Days into the Olympics, they airlifted Lindsey Vonn off the mountain on a stretcher – broken leg, screaming in pain in the Italian snow.
Today, she's back on American soil.
She still can't stand – but what she said the moment she landed will give you chills.
The Long Road Home
It wasn't a simple flight.
Vonn documented every leg of the journey in a video posted to Instagram on Tuesday – and the itinerary alone tells you how serious this injury really is: intensive care unit, ambulance, plane, ambulance, hospital.
Nine days immobile in a hospital bed in Treviso, Italy, four surgeries on a shattered left tibia, and a torn ACL she'd been carrying into the race.
She described the injury as "a lot more severe than just a broken leg" – and said she's still wrapping her head around what the road ahead actually looks like.
More surgeries are coming once she's settled back home.
What She Said the Moment She Landed
When Vonn finally posted from American soil Tuesday, she didn't complain, didn't ask for sympathy, and didn't dwell on what she'd lost.
"Haven't stood on my feet in over a week," she wrote on X. "Been in a hospital bed immobile since my race. And although I'm not yet able to stand, being back on home soil feels amazing."
She thanked the Italian medical team that pieced her back together. She thanked fans for the messages that flooded her hospital room.
That's not an athlete in defeat. That's an American who came to race and left without a single regret.
She Went In With Her Eyes Open
Here's what makes Vonn's return to American soil mean something beyond the sports page.
Days before she was cleared to fly home, she posted something from her hospital bed that says everything about who this woman is.
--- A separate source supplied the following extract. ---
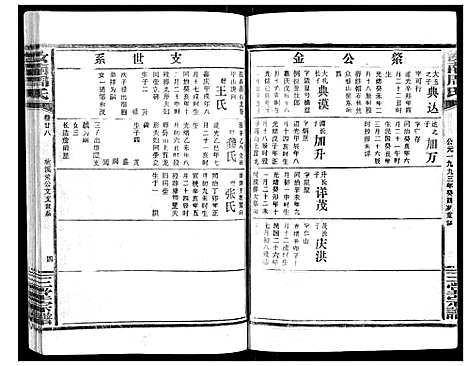 [周]汝南周氏_33卷首1卷 (湖北) 汝南周氏_三十一.pdf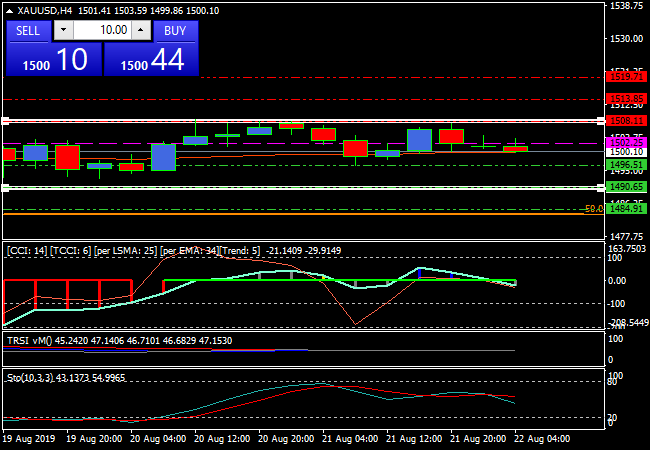 xauusdh4.png xauusdh4.png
"When I think back on my crash, I didn't stand in the starting gate unaware of the potential consequences," she wrote. "I knew what I was doing. I chose to take a risk."
She was 41 years old – five years into retirement, a titanium knee implant in her right leg – and she had won two World Cup downhill races this season, becoming the oldest winner in the history of the sport.
She knew what the mountain could do. She stepped into the gate anyway.
"I hope instead it gives you strength to keep fighting," she wrote to her fans on Valentine's Day, "because that is what I am doing and that is what I will continue to do. Always."
What Comes Next
Her father, Alan Kildow, told the Associated Press he believes this is the end – "no more ski races for Lindsey Vonn, as long as I have anything to say about it."
Vonn hasn't agreed to that.
She told fans she still pictures herself standing on top of a mountain again – and that she will.
She's been here before. Torn ACL in 2013 that cost her the Sochi Olympics. Broken arm. Fractured knee. Torn LCL. Each time, the same answer: come back harder.
At 41, with a leg still in pieces and a road of surgeries ahead, she posted a flag emoji next to her homecoming message and signed off with the hashtag: #imhome.
America's been waiting.
Sources:
- Carli Eastwood, "Olympic Skier Lindsey Vonn Shares Update As She Returns Home To The United States," Country Rebel, February 17, 2026.
- "Lindsey Vonn says it feels 'amazing' to return home to U.S.," Yahoo Sports, February 17, 2026.
- "Lindsey Vonn returns to U.S. to continue recovery," Twin Cities Pioneer Press, February 17, 2026.
- "Lindsey Vonn reveals she can return home after four surgeries," Fox News, February 14, 2026.
- "Lindsey Vonn reflects after Olympics 2026 crash," E! Online, February 15, 2026.